** Try it **
Where in the data below does the word "Black" appear? Copy every line that has it.

** Provided entries **
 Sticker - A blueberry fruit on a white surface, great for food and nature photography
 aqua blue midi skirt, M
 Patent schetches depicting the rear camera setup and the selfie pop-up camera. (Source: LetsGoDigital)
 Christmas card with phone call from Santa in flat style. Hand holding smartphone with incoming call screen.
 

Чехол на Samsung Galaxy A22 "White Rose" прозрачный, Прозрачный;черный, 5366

...

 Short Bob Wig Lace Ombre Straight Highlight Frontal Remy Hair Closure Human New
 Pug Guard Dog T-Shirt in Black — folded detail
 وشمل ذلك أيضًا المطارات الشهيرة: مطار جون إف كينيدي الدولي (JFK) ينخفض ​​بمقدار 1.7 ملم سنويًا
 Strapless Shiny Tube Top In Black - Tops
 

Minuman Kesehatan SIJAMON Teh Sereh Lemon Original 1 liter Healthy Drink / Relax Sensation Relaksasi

** Task output **
 Pug Guard Dog T-Shirt in Black — folded detail
 Strapless Shiny Tube Top In Black - Tops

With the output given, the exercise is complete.